[What you are asked to do] Output range, inclusive: from the line containing "Many users have" to the line containing "After learning how". Restate those lines from the data below word for word and only those.

[Data to examine]
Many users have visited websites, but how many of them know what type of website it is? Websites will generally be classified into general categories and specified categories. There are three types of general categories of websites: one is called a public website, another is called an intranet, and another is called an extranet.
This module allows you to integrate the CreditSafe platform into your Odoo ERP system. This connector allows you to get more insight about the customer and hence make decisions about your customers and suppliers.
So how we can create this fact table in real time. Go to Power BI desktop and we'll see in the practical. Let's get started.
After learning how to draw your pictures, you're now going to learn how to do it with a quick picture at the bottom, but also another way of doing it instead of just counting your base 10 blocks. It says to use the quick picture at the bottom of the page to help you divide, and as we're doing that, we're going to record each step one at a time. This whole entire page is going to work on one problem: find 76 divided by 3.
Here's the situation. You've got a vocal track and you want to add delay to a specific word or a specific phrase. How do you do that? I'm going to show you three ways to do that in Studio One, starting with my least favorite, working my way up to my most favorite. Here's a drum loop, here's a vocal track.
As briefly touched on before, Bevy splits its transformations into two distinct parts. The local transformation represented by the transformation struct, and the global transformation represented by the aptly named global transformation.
...
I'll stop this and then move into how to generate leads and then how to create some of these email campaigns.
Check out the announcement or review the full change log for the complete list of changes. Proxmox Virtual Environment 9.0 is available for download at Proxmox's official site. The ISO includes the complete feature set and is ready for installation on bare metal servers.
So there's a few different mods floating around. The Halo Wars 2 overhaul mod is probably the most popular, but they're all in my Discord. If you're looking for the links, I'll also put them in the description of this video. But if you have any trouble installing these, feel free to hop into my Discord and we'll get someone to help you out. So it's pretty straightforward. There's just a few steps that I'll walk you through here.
--
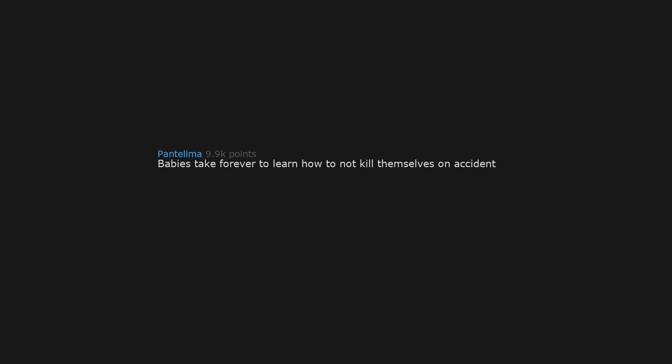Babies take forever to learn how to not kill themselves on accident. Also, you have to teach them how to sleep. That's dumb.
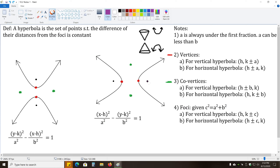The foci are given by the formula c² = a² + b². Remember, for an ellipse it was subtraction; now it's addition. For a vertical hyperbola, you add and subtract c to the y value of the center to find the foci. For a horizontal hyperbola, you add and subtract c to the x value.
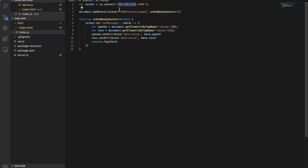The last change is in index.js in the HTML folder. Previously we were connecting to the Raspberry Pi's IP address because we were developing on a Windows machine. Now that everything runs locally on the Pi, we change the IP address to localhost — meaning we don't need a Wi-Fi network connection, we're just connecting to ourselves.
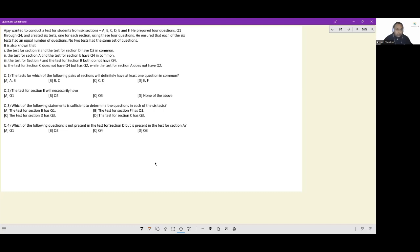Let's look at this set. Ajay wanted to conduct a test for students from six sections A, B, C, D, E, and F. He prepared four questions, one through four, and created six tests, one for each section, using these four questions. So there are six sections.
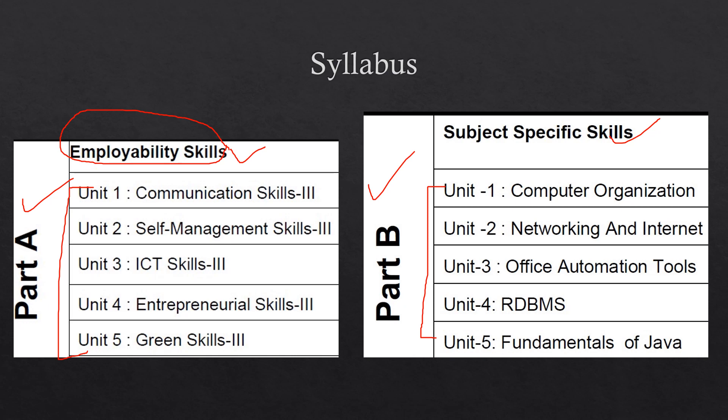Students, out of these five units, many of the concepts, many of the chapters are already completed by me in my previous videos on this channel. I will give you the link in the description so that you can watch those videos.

[Written answer]
Many users have visited websites, but how many of them know what type of website it is? Websites will generally be classified into general categories and specified categories. There are three types of general categories of websites: one is called a public website, another is called an intranet, and another is called an extranet.
This module allows you to integrate the CreditSafe platform into your Odoo ERP system. This connector allows you to get more insight about the customer and hence make decisions about your customers and suppliers.
So how we can create this fact table in real time. Go to Power BI desktop and we'll see in the practical. Let's get started.
After learning how to draw your pictures, you're now going to learn how to do it with a quick picture at the bottom, but also another way of doing it instead of just counting your base 10 blocks. It says to use the quick picture at the bottom of the page to help you divide, and as we're doing that, we're going to record each step one at a time. This whole entire page is going to work on one problem: find 76 divided by 3.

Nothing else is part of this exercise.